PROVIDED ENTRIES START
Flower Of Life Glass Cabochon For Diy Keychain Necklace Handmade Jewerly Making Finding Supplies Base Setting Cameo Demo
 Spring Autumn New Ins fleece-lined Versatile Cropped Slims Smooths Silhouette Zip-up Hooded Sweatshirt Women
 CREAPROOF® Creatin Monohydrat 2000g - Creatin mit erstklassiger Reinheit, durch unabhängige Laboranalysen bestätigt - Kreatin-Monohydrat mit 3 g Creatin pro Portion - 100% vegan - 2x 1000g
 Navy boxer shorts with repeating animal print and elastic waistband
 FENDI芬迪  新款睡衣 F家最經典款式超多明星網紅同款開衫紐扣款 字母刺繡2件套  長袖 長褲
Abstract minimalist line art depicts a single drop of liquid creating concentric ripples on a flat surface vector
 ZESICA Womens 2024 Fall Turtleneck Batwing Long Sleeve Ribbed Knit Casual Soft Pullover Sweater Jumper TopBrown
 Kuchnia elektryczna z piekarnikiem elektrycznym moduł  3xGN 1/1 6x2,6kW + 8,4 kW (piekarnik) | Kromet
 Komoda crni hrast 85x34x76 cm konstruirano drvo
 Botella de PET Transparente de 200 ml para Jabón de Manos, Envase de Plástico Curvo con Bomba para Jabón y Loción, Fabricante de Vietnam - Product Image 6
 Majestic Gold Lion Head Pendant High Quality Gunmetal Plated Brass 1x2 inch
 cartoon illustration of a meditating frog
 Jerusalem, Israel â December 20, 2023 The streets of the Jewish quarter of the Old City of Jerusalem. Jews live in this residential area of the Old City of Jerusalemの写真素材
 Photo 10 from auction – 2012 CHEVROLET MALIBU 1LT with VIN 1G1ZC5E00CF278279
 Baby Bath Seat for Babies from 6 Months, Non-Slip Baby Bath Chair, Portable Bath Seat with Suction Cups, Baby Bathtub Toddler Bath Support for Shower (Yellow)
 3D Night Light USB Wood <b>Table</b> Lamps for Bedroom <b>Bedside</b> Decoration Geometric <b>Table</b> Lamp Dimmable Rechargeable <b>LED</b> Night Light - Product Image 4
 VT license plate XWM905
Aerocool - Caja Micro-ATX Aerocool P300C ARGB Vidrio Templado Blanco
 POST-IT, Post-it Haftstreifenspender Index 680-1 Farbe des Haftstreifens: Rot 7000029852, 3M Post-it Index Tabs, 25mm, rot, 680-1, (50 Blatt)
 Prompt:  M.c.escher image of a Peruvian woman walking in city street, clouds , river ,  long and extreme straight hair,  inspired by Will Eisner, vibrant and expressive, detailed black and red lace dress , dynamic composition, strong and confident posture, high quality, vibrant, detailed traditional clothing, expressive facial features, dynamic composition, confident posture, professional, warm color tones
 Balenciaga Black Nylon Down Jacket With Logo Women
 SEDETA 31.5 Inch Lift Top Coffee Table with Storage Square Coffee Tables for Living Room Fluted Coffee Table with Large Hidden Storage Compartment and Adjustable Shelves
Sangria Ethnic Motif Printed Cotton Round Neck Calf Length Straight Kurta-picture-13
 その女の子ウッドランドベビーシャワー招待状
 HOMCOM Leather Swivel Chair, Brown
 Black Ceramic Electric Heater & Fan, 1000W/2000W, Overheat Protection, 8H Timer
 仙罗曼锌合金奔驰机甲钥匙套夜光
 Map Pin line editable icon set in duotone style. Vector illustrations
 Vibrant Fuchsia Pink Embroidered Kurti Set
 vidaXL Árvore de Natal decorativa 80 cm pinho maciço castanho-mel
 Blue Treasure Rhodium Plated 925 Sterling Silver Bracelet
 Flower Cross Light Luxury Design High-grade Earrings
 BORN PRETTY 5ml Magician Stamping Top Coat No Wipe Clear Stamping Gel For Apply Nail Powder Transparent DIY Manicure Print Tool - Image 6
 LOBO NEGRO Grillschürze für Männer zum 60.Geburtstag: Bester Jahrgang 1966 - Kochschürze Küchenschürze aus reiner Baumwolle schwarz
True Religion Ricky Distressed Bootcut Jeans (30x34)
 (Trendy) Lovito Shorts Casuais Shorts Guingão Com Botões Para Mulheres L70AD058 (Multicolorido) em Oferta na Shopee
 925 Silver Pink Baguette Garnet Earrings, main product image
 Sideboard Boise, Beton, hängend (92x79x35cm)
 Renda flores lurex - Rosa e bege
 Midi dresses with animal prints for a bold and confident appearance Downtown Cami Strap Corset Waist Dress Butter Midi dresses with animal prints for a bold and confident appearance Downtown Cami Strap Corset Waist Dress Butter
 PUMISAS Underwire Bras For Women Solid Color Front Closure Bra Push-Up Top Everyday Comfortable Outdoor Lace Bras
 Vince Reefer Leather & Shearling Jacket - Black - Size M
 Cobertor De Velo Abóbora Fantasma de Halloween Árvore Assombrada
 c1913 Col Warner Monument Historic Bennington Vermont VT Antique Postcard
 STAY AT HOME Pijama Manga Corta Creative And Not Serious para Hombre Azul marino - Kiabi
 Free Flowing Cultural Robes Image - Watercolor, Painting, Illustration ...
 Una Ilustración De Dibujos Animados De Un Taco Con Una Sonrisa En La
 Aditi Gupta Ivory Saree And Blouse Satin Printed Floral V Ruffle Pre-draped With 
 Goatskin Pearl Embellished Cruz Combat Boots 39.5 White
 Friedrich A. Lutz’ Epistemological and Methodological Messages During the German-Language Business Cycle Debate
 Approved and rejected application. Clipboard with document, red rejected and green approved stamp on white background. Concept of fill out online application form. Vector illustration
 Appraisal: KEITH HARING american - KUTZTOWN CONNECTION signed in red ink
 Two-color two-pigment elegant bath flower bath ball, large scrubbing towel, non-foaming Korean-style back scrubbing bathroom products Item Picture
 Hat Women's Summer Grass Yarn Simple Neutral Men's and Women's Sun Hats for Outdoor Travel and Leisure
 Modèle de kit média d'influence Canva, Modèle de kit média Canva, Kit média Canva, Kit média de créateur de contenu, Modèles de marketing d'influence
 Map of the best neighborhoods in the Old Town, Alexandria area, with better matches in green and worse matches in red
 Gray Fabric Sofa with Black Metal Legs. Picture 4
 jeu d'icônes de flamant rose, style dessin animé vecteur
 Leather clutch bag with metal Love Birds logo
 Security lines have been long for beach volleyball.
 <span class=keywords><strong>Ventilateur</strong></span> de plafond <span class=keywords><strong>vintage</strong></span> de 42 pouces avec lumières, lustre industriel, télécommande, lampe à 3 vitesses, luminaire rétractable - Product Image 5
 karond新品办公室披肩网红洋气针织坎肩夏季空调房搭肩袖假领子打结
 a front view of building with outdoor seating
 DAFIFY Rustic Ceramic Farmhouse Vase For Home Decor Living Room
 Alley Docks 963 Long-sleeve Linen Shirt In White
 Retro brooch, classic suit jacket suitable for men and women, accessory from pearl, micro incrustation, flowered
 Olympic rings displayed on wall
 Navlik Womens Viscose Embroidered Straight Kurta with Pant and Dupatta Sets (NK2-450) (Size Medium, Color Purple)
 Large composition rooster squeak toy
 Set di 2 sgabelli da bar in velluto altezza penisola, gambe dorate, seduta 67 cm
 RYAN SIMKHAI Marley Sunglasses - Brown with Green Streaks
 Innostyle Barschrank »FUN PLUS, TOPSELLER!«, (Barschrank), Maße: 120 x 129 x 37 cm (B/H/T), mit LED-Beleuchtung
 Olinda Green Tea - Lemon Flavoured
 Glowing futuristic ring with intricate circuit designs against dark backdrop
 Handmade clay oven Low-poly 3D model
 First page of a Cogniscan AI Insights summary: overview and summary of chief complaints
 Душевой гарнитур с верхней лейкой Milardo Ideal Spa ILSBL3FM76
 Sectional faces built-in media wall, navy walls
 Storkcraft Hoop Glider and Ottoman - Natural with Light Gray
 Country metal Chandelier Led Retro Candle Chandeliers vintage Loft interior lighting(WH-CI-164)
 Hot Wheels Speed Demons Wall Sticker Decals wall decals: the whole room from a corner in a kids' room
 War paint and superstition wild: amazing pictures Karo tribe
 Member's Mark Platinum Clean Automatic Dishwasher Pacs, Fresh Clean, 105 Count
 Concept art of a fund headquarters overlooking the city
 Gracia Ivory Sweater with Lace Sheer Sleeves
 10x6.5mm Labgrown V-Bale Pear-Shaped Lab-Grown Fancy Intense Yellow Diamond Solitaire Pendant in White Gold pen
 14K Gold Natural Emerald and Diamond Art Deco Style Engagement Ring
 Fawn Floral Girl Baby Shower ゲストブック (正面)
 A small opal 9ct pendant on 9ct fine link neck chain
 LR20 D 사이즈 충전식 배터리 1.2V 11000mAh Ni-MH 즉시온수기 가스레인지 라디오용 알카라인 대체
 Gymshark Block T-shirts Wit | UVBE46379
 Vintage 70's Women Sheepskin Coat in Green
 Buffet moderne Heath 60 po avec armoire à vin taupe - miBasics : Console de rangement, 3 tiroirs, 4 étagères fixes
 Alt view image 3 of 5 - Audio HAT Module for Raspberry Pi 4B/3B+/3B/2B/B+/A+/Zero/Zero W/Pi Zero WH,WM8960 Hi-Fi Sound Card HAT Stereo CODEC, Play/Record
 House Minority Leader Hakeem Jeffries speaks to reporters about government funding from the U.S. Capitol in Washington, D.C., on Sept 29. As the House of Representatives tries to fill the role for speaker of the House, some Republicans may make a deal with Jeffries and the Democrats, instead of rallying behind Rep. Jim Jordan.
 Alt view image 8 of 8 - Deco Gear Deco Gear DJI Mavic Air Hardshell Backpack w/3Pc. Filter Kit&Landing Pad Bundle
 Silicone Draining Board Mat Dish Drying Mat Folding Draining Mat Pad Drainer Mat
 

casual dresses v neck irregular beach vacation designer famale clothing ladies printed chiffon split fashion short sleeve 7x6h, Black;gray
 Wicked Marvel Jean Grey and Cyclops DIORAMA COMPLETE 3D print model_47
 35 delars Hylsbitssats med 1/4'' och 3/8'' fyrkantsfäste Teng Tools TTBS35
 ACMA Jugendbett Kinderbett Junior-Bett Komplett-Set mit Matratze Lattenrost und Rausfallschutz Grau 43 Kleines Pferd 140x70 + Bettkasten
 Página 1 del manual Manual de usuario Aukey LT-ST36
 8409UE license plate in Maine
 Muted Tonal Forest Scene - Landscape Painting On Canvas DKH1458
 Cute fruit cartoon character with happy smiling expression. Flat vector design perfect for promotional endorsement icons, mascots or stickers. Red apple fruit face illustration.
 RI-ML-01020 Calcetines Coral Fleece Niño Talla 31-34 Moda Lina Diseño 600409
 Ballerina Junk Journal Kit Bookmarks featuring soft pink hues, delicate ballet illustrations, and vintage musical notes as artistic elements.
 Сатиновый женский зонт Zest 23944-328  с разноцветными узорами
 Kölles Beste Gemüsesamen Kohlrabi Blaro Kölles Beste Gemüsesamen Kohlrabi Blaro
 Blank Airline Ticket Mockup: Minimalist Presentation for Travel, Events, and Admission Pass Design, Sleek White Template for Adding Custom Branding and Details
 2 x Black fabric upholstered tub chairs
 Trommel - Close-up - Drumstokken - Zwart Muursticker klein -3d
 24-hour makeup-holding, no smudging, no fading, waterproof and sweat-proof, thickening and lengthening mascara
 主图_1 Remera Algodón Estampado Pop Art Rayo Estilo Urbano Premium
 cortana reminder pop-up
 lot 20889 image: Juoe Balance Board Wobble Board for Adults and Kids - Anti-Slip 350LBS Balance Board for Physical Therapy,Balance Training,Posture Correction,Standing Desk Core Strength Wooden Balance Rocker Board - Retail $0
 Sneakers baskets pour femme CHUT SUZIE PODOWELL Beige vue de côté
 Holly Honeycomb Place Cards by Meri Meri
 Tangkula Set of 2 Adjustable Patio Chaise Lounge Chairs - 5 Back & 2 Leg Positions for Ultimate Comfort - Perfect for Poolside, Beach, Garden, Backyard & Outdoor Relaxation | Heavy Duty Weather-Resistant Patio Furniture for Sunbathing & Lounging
PROVIDED ENTRIES END
** ASSIGNED TASK **
Copy out the range of lines above starting at the line with "Navlik Womens Viscose" and ending at the line with "House Minority Leader", exactly and including both.

** SOLUTION FOR THIS PROBLEM **
 Navlik Womens Viscose Embroidered Straight Kurta with Pant and Dupatta Sets (NK2-450) (Size Medium, Color Purple)
 Large composition rooster squeak toy
 Set di 2 sgabelli da bar in velluto altezza penisola, gambe dorate, seduta 67 cm
 RYAN SIMKHAI Marley Sunglasses - Brown with Green Streaks
 Innostyle Barschrank »FUN PLUS, TOPSELLER!«, (Barschrank), Maße: 120 x 129 x 37 cm (B/H/T), mit LED-Beleuchtung
 Olinda Green Tea - Lemon Flavoured
 Glowing futuristic ring with intricate circuit designs against dark backdrop
 Handmade clay oven Low-poly 3D model
 First page of a Cogniscan AI Insights summary: overview and summary of chief complaints
 Душевой гарнитур с верхней лейкой Milardo Ideal Spa ILSBL3FM76
 Sectional faces built-in media wall, navy walls
 Storkcraft Hoop Glider and Ottoman - Natural with Light Gray
 Country metal Chandelier Led Retro Candle Chandeliers vintage Loft interior lighting(WH-CI-164)
 Hot Wheels Speed Demons Wall Sticker Decals wall decals: the whole room from a corner in a kids' room
 War paint and superstition wild: amazing pictures Karo tribe
 Member's Mark Platinum Clean Automatic Dishwasher Pacs, Fresh Clean, 105 Count
 Concept art of a fund headquarters overlooking the city
 Gracia Ivory Sweater with Lace Sheer Sleeves
 10x6.5mm Labgrown V-Bale Pear-Shaped Lab-Grown Fancy Intense Yellow Diamond Solitaire Pendant in White Gold pen
 14K Gold Natural Emerald and Diamond Art Deco Style Engagement Ring
 Fawn Floral Girl Baby Shower ゲストブック (正面)
 A small opal 9ct pendant on 9ct fine link neck chain
 LR20 D 사이즈 충전식 배터리 1.2V 11000mAh Ni-MH 즉시온수기 가스레인지 라디오용 알카라인 대체
 Gymshark Block T-shirts Wit | UVBE46379
 Vintage 70's Women Sheepskin Coat in Green
 Buffet moderne Heath 60 po avec armoire à vin taupe - miBasics : Console de rangement, 3 tiroirs, 4 étagères fixes
 Alt view image 3 of 5 - Audio HAT Module for Raspberry Pi 4B/3B+/3B/2B/B+/A+/Zero/Zero W/Pi Zero WH,WM8960 Hi-Fi Sound Card HAT Stereo CODEC, Play/Record
 House Minority Leader Hakeem Jeffries speaks to reporters about government funding from the U.S. Capitol in Washington, D.C., on Sept 29. As the House of Representatives tries to fill the role for speaker of the House, some Republicans may make a deal with Jeffries and the Democrats, instead of rallying behind Rep. Jim Jordan.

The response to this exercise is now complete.